Do you wonder if we could ever get used to change in a way that causes us to not remember what it was like “before?”
My mind goes back to March, six months ago. Which, honestly, has it really been that long? COVID-19 struck in Montgomery County, and everyone – including myself – began to have to adjust to a life of Telehealth and virtual everything. Initially, many thought that it would “go back to normal” in a few weeks. In fact – and don’t hesitate to raise your hand if this was you – many individuals welcomed the unapologetic time at home. But just as the many homemade meals we all had time to now create, that got old quickly, too.
It began to settle in for children and families that we didn’t know when things would “go back to normal.” Teachers (and parents) were just trying to get kids to the end of the school year after realizing in-person school would not be occurring after a few cancelled announcements of re-openings. Panic had set in as we rushed to anywhere we could to stock up on toilet paper and cleaning supplies. All of the sudden, our temporary staycation seemed it would last a lot longer. Kids struggled with virtual school and parents struggled with how to navigate Zoom and Google classroom, and trying to help their kids while not becoming completely dysregulated themselves. All of the sudden, the bedroom/kitchen/dining room also became the classroom. Mom and Dad became the teachers assistants. Meanwhile, none of us knew how COVID-19 would continue to affect our lives, jobs, financial stability, and more.
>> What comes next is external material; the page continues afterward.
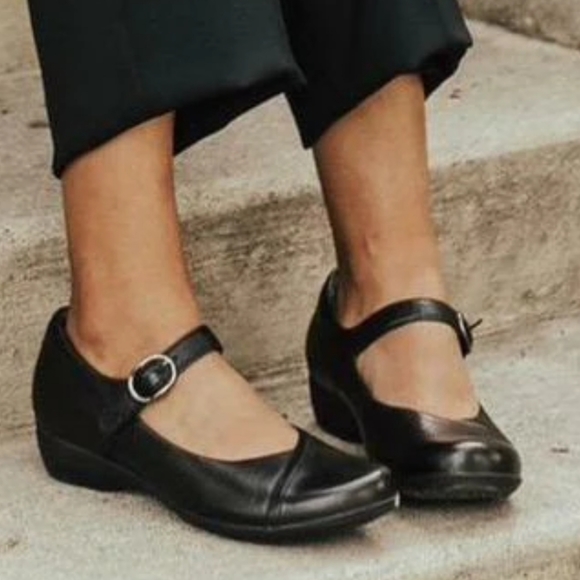Dansko Shoes - Dansko Fawna Black Milled Nappa Mary Jane Shoes Size 38 US 7.5/8 NWOT'S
Our brains like predictability. When our brains don’t know what will happen next, they fill in the blanks. This is called anxiety. Many individuals who never experienced mental health issues now knew exactly what anxiety felt like. Entire families living in dysregulation equaled a lot of behaviors from kids and parents (and everyone else we would happen to come across) that were way out of character. I worked with many kids (and their parents) on learning new self-regulation tactics that would assist in the acute state of anxiety many were now living in. I worked with parents in providing psychoeducation as to why the information being presented differently was causing their kids’ brains to go, “WHAT THE HECK?” and then completely shut down. We worked individually to create plans unique to that child to keep them regulated. Keeping a child regulated (and ourselves) is pertinent so learning could occur and lessen maladaptive behaviors resulting from dysregulation. Families worked hard to practice skills learned in sessions and with great improvement, reached a plateau of wellness in COVID-19 times.
And then it was time for school to start again. Many kids, especially those with impulse control disorders, found they liked virtual school better because they could self-regulate throughout the day without feeling self-conscious. The schoolyear began, and instead of being equipped with fresh pencils and notebooks, kids were equipped with self-regulation skills, fidget toys, brain break plans, and computers. We geared up again, brushed up on our skills in therapy, and many kids have done relatively well.
Until they didn’t. A similar trend from the end of last school year began, coupled with the challenges of virtual schooling and continued isolation. Even though many kids figured out other ways to socialize with their friends, it was clear that not being around other kids was affecting them in a negative way. And the kids have been the ones identifying the issue.
If we picture a “mental health COVID-19” chart, we dipped from the summer plateau of comfort with concerns about the new schoolyear, rose in the beginning of the schoolyear when we thought we liked virtual school, and have begun to dip again. While this is not the experience of everyone, schools identified the lack of social isolation and virtual learning as a reason to create a plan of safety which would enable kids to go back to school.
Alas, a new challenge of change! While many kids share they want to go back, many are also hesitant for various reasons. These reasons include fears of being exposed to COVID-19 and how it could affect their loved ones, school buildings they haven’t even been in yet (new middle schoolers, high schoolers, etc!), being away from home and family, and how to socialize. Kids are used to being home. They’re used to being with a parent/guardian for the majority of their time. They are not used to socializing with friends and classmates “in real life” like before.
Anxieties surrounding these topics have pulled the rug out, yet again. Resiliency is an amazing thing. I know that kids and their parents can work through the most recent “dip” and become comfortable again with things they had to learn to live without six months ago. I know that adults with no children can also become comfortable again with what they had to learn to live without. You don’t have to do it alone. Therapy can assist in guiding through the process, reviewing coping skills and learning new ones, and reminding you that the strength to persevere has always been within – but sometimes we need a little help.